Es gibt mittlerweile derart gute WLPs wie die genannte Kryonaut die im Vergleich zu Flüssigmetall nur im Bereich der messungenauigkeit schlechter ist.

Ob meine CPU/GPU jetzt 60 oder 61°C hat ist sowas von egal dass ich mir die nachteile des Metalls nicht antun muss - der eingesetzte Kühler, der Airflow im Gehäuse, die OC-Einstellungen und so weiter haben sehr sehr viel mehr Einfluss auf die Chiptemperatur als ob ich jetzt LiquidMetal oder Kryonatu draufschmiere. 

Für Leute die das allerletzte rausholen wollen was machbar ist sicher eine gute Wahl, für alle anderen ists finde ich Käse.


----------



## Lios Nudin (24. Juni 2016)

*AW: Wärmeleitpaste aus Flüssigmetall*

Bei einem Core i7-6700K ohne OC und ohne Spannungserhöhung sind es bei sehr hoher Auslastung 18°C.

CPU-Kopfen mit Delid-Die-Mate im Test (Seite 2) - ComputerBase

Bei Hardwareluxx bei einer niedrigeren Auslastung, dafür mit OC und Spannungserhöhung sind es 17°C.

Delid Die Mate im Test - Hardwareluxx

Es ist also defininitiv mehr drin als 60°C vs. 61°C.

Ob diese Temperaturverbesserung für eine Person als Antrieb ausreicht, das Köpfen und der Austausch mit Flüssigmetall anzugehen muss jeder selbst entscheiden.

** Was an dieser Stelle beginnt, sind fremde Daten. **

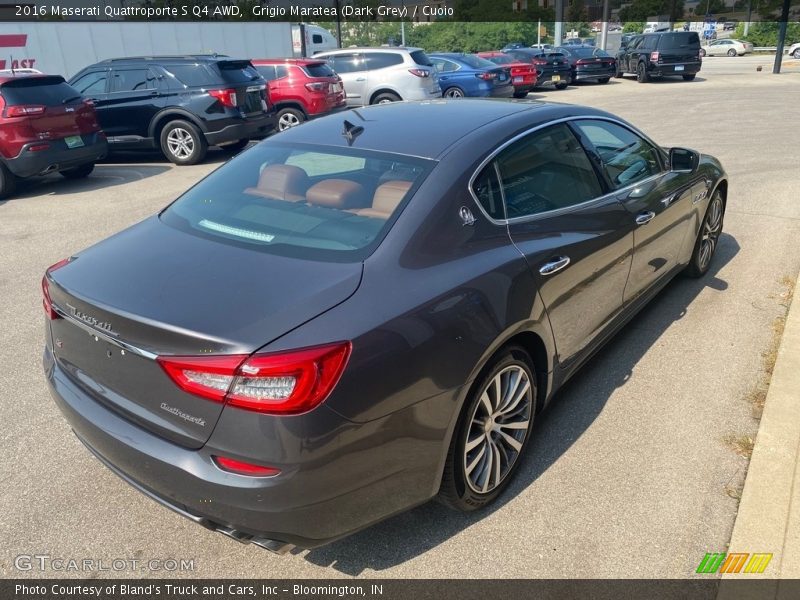 Grigio Maratea (Dark Grey) / Cuoio 2016 Maserati Quattroporte S Q4 AWD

Dass ich Skylake und Co. auch ohne diesen Vorgang betreiben kann zweifelt ja niemand an, ein deutlich positiver Effekt ist durch das Köpfen aber nachweislich vorhanden. Je höher die Auslastung der CPU, umso deutlich er sind die Vorteile. Wenn man es also nicht aus Spaß an der Freude macht, kann man bei der Entscheidung "Köpfen - ja oder nein" noch das individuelle Auslastungsszenario beachten, dem die CPU ausgestzt wird.


----------



## cann0nf0dder (24. Juni 2016)

*AW: Wärmeleitpaste aus Flüssigmetall*

konnte bei meiner wakü und gaming pc auch nur einen unterschied von 2°C zu normaler Paste feststellen, dafür ist mir das ganze dann zu frickelig sowie teuer warum ich nun wieder normale Paste nutze 
mag sein das die unter luft wo eh schon höhere temps herschen besser abschneidet, bei potenter wakü waren es wie gesagt ~2°C die es gebracht hatte


----------



## Incredible Alk (24. Juni 2016)

*AW: Wärmeleitpaste aus Flüssigmetall*



Lios Nudin schrieb:


> Es ist also defininitiv mehr drin als 60°C vs. 61°C.



Es geht NICHT um Den Unterschied zwischen geköpft oder nicht (das ist natürlich viel mehr!), es geht um den Unterschied zwischen Kryonaut und Flüssigmetall. Der ist vernachlässigbar winzig. Selbst der Unterschied zwischen Flüssigmetall und Ketchup sind keine 17 Grad.


----------



## Lios Nudin (24. Juni 2016)

*AW: Wärmeleitpaste aus Flüssigmetall*

Stimmt, da habe ich deine erste Antwort auf meinen Kommentar falsch verstanden.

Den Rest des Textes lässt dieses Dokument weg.